We are used to being asked to silence our phones and mobile devices at live performances. Some people have very loud ring tones and beeps and dings that can be quite distracting when you’re trying to listen. Imagine a situation where it’s not someone’s phone that’s distracting you but a ring of artillery surrounding the city blasting away from seven miles out, not to mention your own artillery firing back from just down the street. And let’s add to this picture a company of half-starved musicians on the stage, not the usual philharmonic orchestra—because they were evacuated to Siberia months ago, along with their conductor. What was left was the Radio orchestra, not a bad group, but then they’ve been in the city under siege for nearly a year. Half of them have died of disease and starvation. To find more players you’ve had to go out to the troops protecting the city, find former members of regimental bands, jazz bands, anyone who can play. The score was airlifted in on a medical transport in July, and when the conductor saw it, his first response was, “We’ll never play this.” Many of the musicians were too weak to blow their instruments when rehearsals started. Sometimes they would collapse on stage during rehearsal. They would only ever manage to play the entire work once before the performance, at the dress rehearsal. The musicians just didn’t have the strength to get through the whole thing.
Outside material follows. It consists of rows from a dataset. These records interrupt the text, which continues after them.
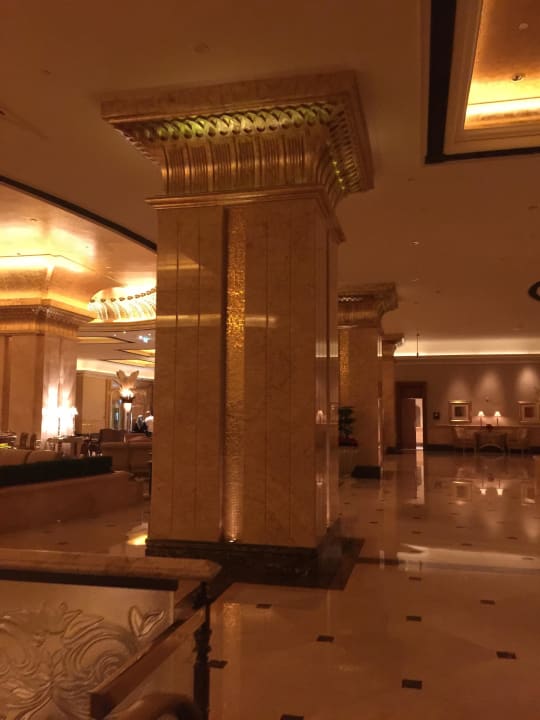 Viel Gold Emirates Palace Mandarin Oriental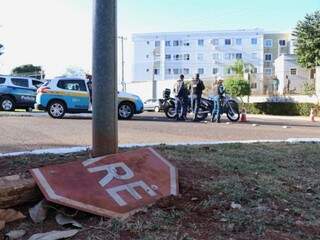 Moradores fazem protesto por obras no tr&acirc;nsito em avenida do Pioneiros
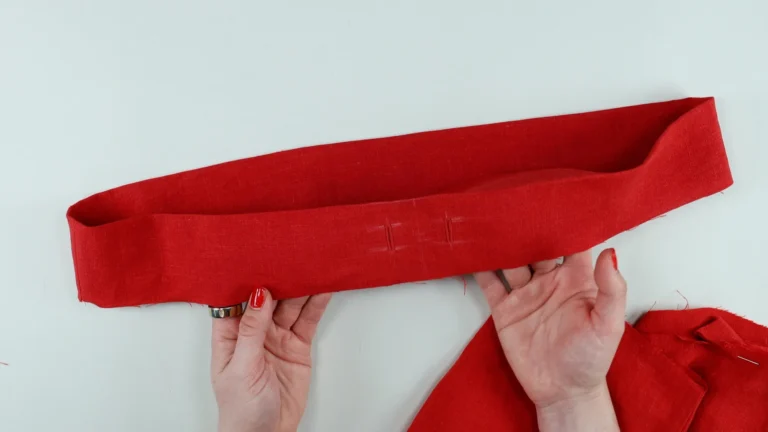 Pressed waistband for linen trousers in half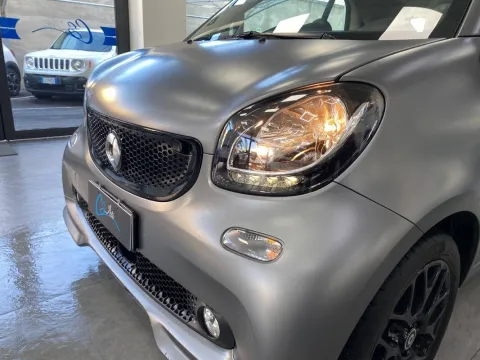 Smart Fortwo 1.0 Brabus Style 71cv twinamic - Immagine 7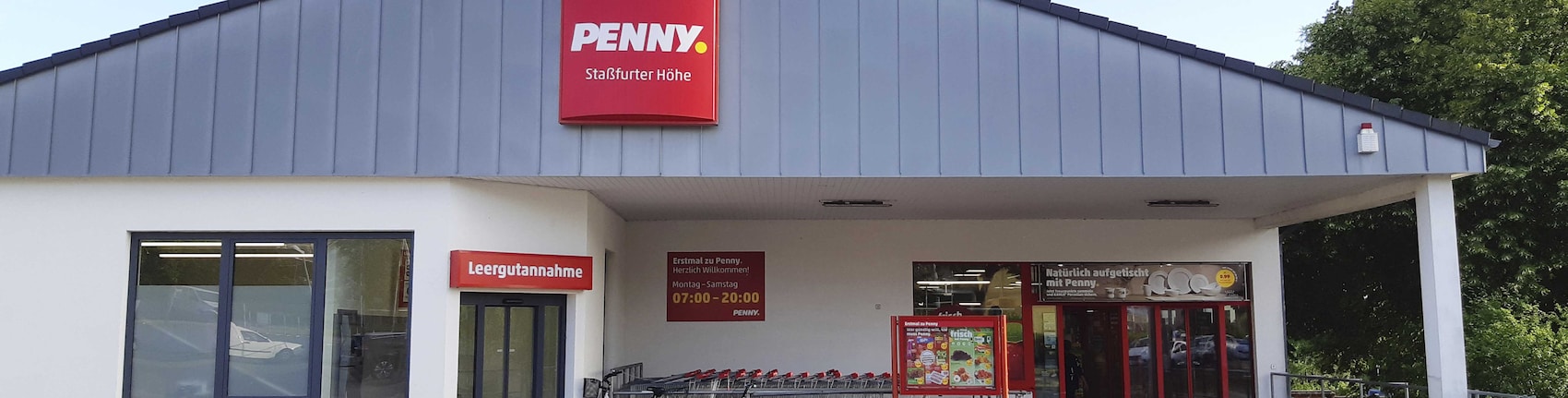 Sie sehen den Eingang vom Penny Markt in Aschersleben, Stassfurter Hoehe 75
We can add more detail. The German forces bombarding the city did not do so indiscriminately. For hours every day, their guns range across the city, looking for crowds, people lining up at bus or tram stops, ticket windows, crossroads, factory gates when the shifts changed, entrances to theaters and musical events, just like the one being planned, the one they’d been ordered to carry out, whatever it took. And so an hour before the concert is due to begin, the city’s defenders begin laying down a ferocious barrage of artillery aimed at the enemy guns, forcing the German soldiers to take shelter. Just before the concert starts, they stop firing and are quiet. No German shells land in the center of the city for the next hour and twenty minutes, just enough for the concert to take place. It was, what Brian Morton in a 2006 book would later claim, “probably the only time in musical history that military operations were coordinated to assist an orchestral concert.”

This is the performance scenario I would like for you to imagine. This was the scenario for the performance of the Leningrad Symphony on August 9, 1942 at the Leningrad Philharmonic. With this picture in our heads, it is no wonder that the Leningrad Symphony should have become one of the most powerful symbols of wartime resistance.

SoldierBuyingTicket

This scenario, however, like the photograph of the soldier buying a ticket to the performance that night, is not the whole story of the work, though it’s a very powerful one. It helps to explain why the symphony immediately became wildly popular and frequently performed all over the world, and there’s much more that can be said about this world-wide reception in the midst of WWII, and I will say more, but this is too simple a representation, too easy a way of making sense of the work’s provenance and lasting importance. It’s not complete.

Thinking of the work as something of a historical document in this manner, a representation of “the siege of Leningrad,” let’s say, makes it into something one-dimensional and maybe not even that artistic. It reminds me of the way Aleksei Karenin, Anna Karenina’s big-eared husband in Tolstoy’s famous book, approaches art. He doesn’t know anything about it and has no feeling for it, so he reads books about it in order to be able to express his opinions. We reduce the music when we categorize its meaning based on the events it supposedly depicted, and supposedly is a good word to remember.

Right, just couldn’t help the Tolstoy reference. These are in my head for the duration, I’m afraid, the fruit of reading and teaching those works so many times. Today I listened to Bernstein’s recording of the 7th with the Chicago Symphony, turning off the heat in the house just to try for a bit more atmosphere. God, what a big, bombastic and yet ambivalent work.